Any integral of the form $\int x^m J_n(x) dx$ can be evaluated in terms of Bessel functions and the indefinite integral $\int J_0(x)dx,$ which cannot be simplified further. Use the identities $J_p'(x) = J_{p-1}(x) - \dfrac{p}{x}J_p(x)$ and $J_p'(x) = \dfrac{p}{x} J_p(x) - J_{p+1}(x)$ to evaluate $\int x^2J_0(x)dx.$

Relevant Equations

Should be able to do it with just the two properties listed in the problem.

I tried integration by parts with both $u = x^2, dv = J_0 dx$ and $u = J_0, du = -J_1 dx, dv = x^2 dx.$ But neither gets me in a very good place at all. With the first, I begin to get integrals within integrals, and with the second my powers of $x$ in the integral would keep growing instead of getting smaller.
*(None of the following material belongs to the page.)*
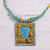 Ceramic pendant necklace, 'Birdsong' - Handcrafted Ceramic Blue and Gold Bird Frame Necklace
The book's answer is $x^2J_1(x) + xJ_1(x) - \int J_0(x)dx + C.$ (BTW the book is Elementary DE by Edwards and Penney)

How do I get to that? I appreciate any help!

 

[Jacob Nie]

Sorry - I have solved it.

I gave the wrong identities - these are more directly useful: $\dfrac{d}{dx}\left(x^pJ_p(x)\right) = x^pJ_{p-1}(x)$ and $\dfrac{d}{dx}\left(x^{-p}J_p(x)\right) = -x^{-p}J_{p+1}(x).$ (Although, the identities I gave are attained simply by carrying out the differentiations here!)

With $p=1,$ we have
$$\dfrac{d}{dx}(xJ_1) = xJ_0\implies \int xJ_0 dx = xJ_1.$$
Then the integration by parts is better carried out with $u=x, du=dx, dv=xJ_0dx, v=xJ_1$:
$$\int x^2J_0 dx = x^2J_1 - \int xJ_1dx.$$
Then with $p=0,$ we have
$$\dfrac{d}{dx}J_0 = -J_1\implies \int J_1dx = -J_0.$$
Integration by parts again: $u=x, du=dx, dv=J_1dx, v=-J_0$:
$$\int x^2J_0dx = x^2J_1 + xJ_0 - \int J_0 dx,$$
as desired.
(Sorry that was a typo in the original post.)